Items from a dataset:
[Start of section]
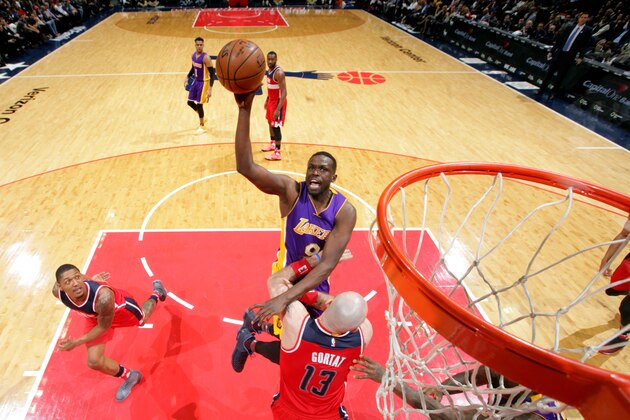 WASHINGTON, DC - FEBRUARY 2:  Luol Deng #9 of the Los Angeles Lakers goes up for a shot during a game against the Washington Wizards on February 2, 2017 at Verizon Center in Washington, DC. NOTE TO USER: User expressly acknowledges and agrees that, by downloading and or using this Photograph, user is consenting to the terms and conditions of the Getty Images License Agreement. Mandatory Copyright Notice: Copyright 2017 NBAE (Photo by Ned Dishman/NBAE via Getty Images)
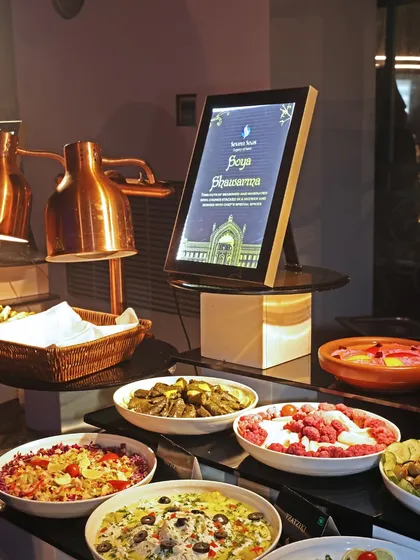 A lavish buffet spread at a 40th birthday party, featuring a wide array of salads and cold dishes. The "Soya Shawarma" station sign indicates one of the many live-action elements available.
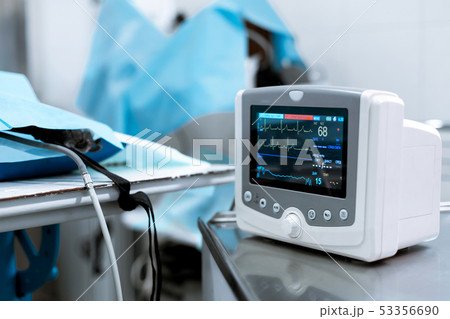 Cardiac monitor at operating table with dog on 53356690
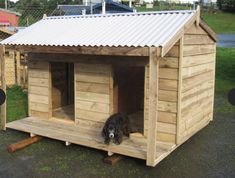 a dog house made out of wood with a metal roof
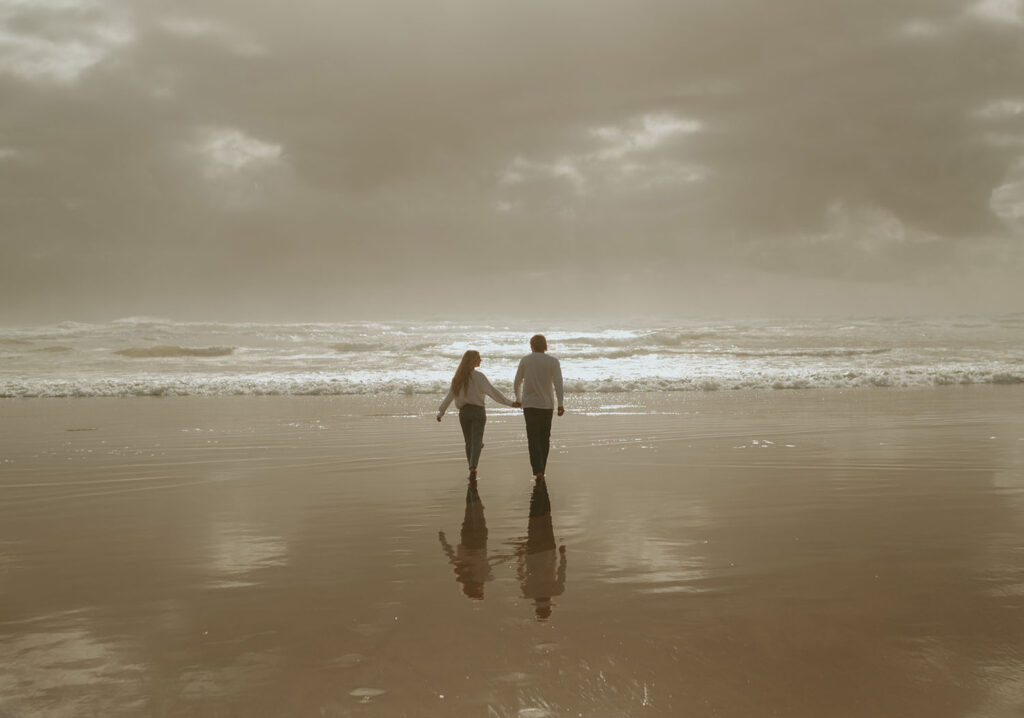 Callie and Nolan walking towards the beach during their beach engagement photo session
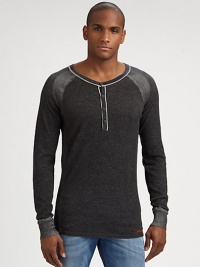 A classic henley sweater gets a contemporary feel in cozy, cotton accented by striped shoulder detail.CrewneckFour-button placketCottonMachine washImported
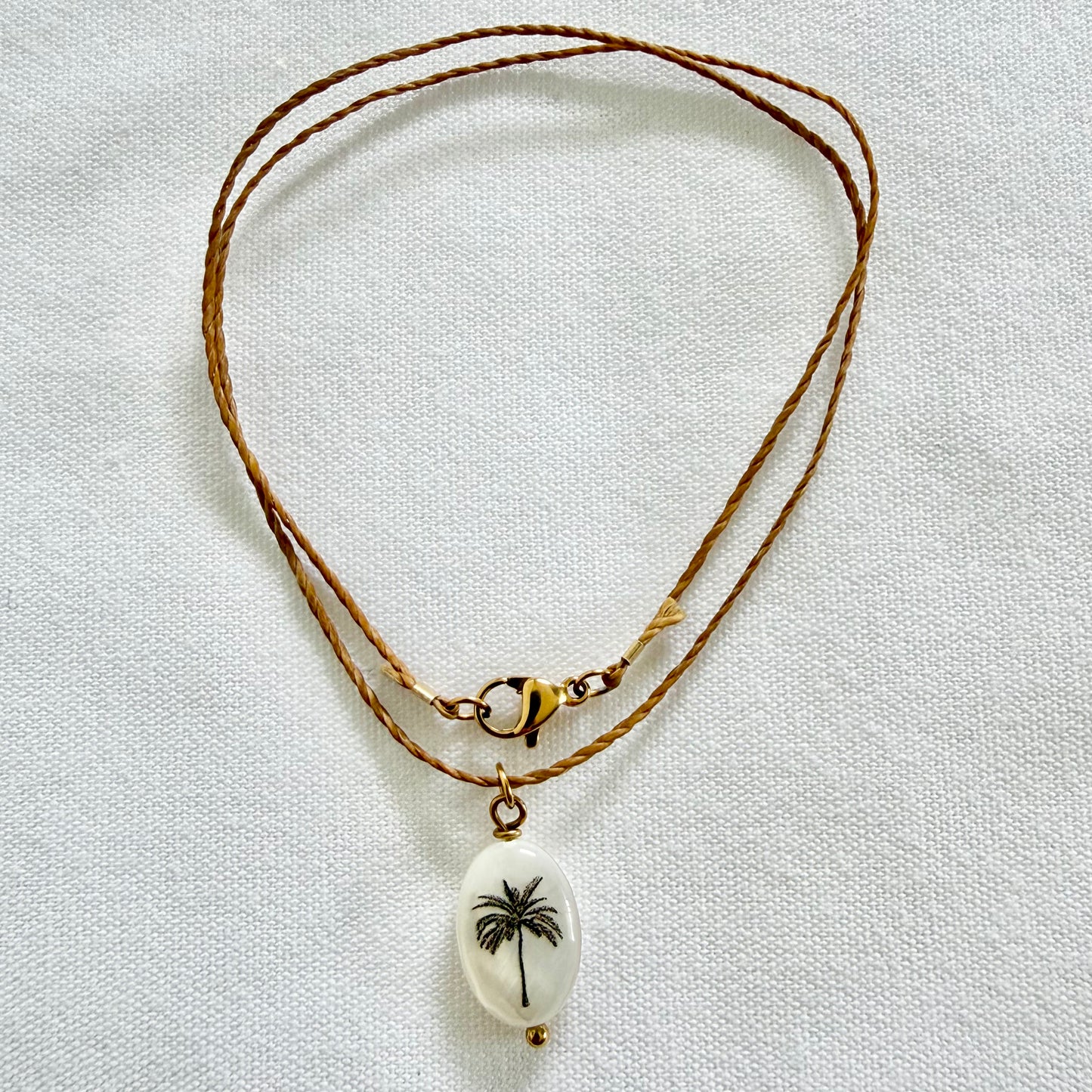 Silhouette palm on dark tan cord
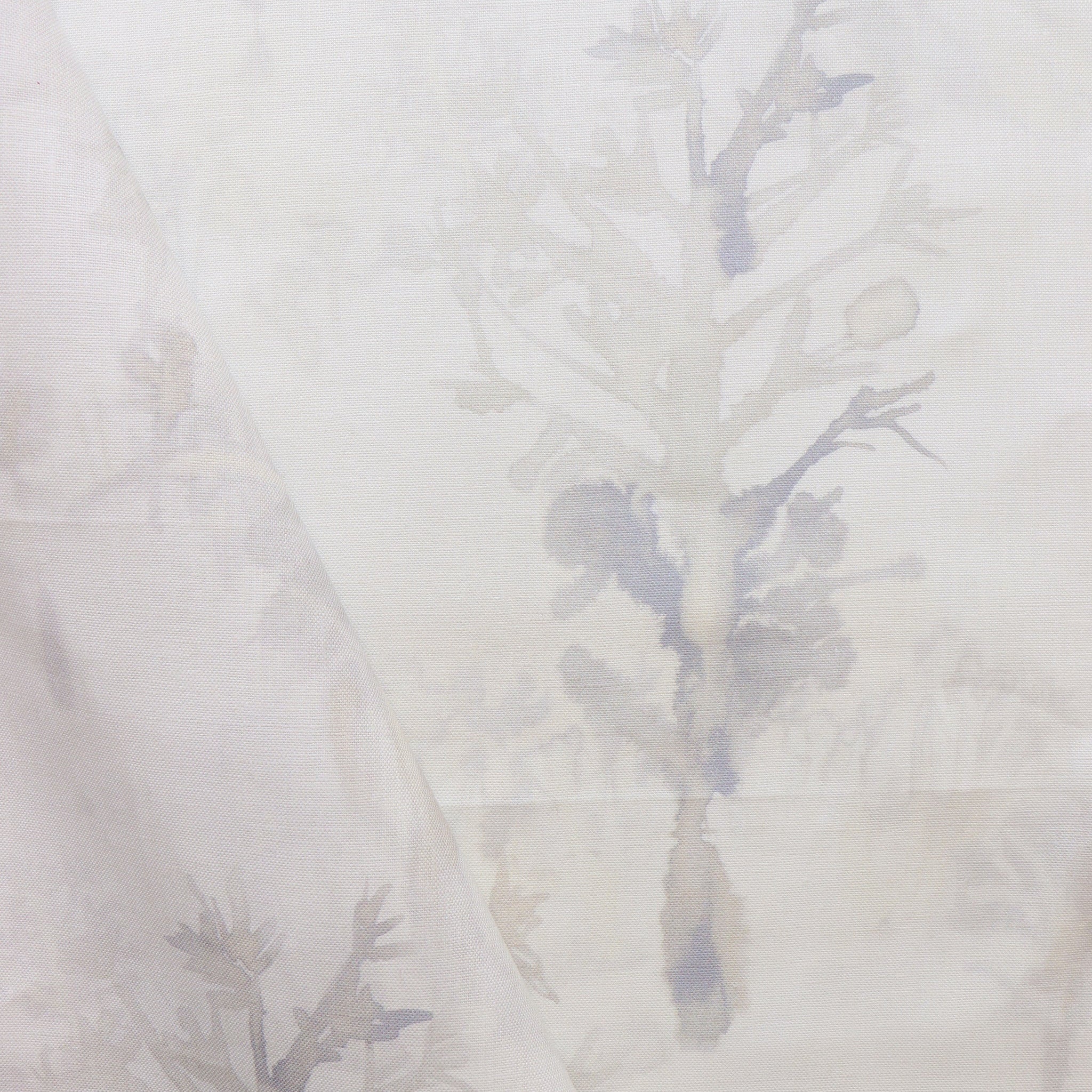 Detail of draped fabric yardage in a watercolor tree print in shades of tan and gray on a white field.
[End of section]
Output all of the records exactly as they appear above, but not the pictures.

 WASHINGTON, DC - FEBRUARY 2:  Luol Deng #9 of the Los Angeles Lakers goes up for a shot during a game against the Washington Wizards on February 2, 2017 at Verizon Center in Washington, DC. NOTE TO USER: User expressly acknowledges and agrees that, by downloading and or using this Photograph, user is consenting to the terms and conditions of the Getty Images License Agreement. Mandatory Copyright Notice: Copyright 2017 NBAE (Photo by Ned Dishman/NBAE via Getty Images)
 A lavish buffet spread at a 40th birthday party, featuring a wide array of salads and cold dishes. The "Soya Shawarma" station sign indicates one of the many live-action elements available.
 Cardiac monitor at operating table with dog on 53356690
 a dog house made out of wood with a metal roof
 Callie and Nolan walking towards the beach during their beach engagement photo session
 A classic henley sweater gets a contemporary feel in cozy, cotton accented by striped shoulder detail.CrewneckFour-button placketCottonMachine washImported
 Silhouette palm on dark tan cord
 Detail of draped fabric yardage in a watercolor tree print in shades of tan and gray on a white field.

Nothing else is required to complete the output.